IMO its best to jest let it happen and focus on the type of shot you are trying to create, the follow through happens after you strike the ball so there is no point in manipulating it.


----------



## Foxholer (Oct 12, 2014)

35+ years of Hockey ingrained a 'shortened' follow through that I've been trying to 'finish' for years!

Yes it works for certain shots - like punch ones - but generally it's a negative in terms of distance and counter-productive for 'delicate' shots like short chips - where it can become a stab! The problem happens when the impact becomes a hit *at* the ball rather than a hit *through* it!

A shorter than full back-swing, on the other hand, has distinctly more benefits than the marginal disadvantages imo.


----------



## bunkered (Oct 13, 2014)

Foxholer said:



			35+ years of Hockey ingrained a 'shortened' follow through that I've been trying to 'finish' for years!

Yes it works for certain shots - like punch ones - but generally it's a negative in terms of distance and counter-productive for 'delicate' shots like short chips - where it can become a stab! The problem happens when the impact becomes a hit *at* the ball rather than a hit *through* it

A shorter than full back-swing, on the other hand, has distinctly more benefits than the marginal disadvantages imo.
		
Click to expand...

Only tried it with 7, 8, and 9 irons. I have seen some hockey players turn in to good golfers.


----------



## patricks148 (Oct 13, 2014)

the lessons i had earlier in the year have succeeded in giving  me a follow though. before i had very little. More of a Cricket Off Drive.

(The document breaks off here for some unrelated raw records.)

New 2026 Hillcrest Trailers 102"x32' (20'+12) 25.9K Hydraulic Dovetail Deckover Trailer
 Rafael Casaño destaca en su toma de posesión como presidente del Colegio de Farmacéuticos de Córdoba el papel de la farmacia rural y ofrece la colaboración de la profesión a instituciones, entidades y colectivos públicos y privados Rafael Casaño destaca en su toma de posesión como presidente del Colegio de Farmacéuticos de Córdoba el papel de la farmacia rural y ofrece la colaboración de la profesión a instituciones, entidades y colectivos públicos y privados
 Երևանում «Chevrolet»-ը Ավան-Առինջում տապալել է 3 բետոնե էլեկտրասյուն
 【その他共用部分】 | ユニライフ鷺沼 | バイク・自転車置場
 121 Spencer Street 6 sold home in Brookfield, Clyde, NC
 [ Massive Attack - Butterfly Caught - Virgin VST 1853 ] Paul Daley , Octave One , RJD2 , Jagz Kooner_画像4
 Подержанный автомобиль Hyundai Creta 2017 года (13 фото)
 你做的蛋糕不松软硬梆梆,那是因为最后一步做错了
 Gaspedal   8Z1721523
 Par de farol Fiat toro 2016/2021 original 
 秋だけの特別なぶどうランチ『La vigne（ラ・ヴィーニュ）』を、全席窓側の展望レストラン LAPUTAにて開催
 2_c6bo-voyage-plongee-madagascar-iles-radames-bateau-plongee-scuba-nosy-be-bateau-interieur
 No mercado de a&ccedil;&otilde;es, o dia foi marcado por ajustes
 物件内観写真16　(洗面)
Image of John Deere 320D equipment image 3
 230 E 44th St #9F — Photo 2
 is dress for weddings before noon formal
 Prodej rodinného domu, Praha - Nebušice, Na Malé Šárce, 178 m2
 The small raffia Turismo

Ive gained distance from it no question... Ive no idea why though.


----------



## Liverpoolphil (Oct 13, 2014)

bunkered said:



			Only tried it with 7, 8, and 9 irons. I have seen some hockey players turn in to good golfers.
		
Click to expand...


I'm an ex hockey player and managed to get a full follow through 

Use a shortened one if the follow through is restricted or to play a punch shot


----------



## Foxholer (Oct 13, 2014)

bunkered said:



			Only tried it with 7, 8, and 9 irons. I have seen some hockey players turn in to good golfers.
		
Click to expand...

Oh yes, I've known a few too. From purely 'Back Home' (NZ) experience, an ex-Captain of NZ Hockey team was high up in Seniors Golf and just missed ET Seniors qualification. The NZ International Turner trio - Glen (Cricket), Grant (Hockey) and Greg (Golf) all played/play Hockey and Cricket and Golf. And a near International (who almost break my shoulder through wads of clothes from 20 yards - when I moved rather than have the hockey ball take my camera lens out and head off) was a County player for all three!

Secret apparently - as the first Pro that saw my 'swing' recognised and commented - 'Only 2 things we tell Hockey players - Slow the swing down and finish it!


----------



## bunkered (Oct 13, 2014)

Foxholer said:



			Oh yes, I've known a few too. From purely 'Back Home' (NZ) experience, an ex-Captain of NZ Hockey team was high up in Seniors Golf and just missed ET Seniors qualification. The NZ International Turner trio - Glen (Cricket), Grant (Hockey) and Greg (Golf) all played/play Hockey and Cricket and Golf. And a near International (who almost break my shoulder through wads of clothes from 20 yards - when I moved rather than have the hockey ball take my camera lens out and head off) was a County player for all three!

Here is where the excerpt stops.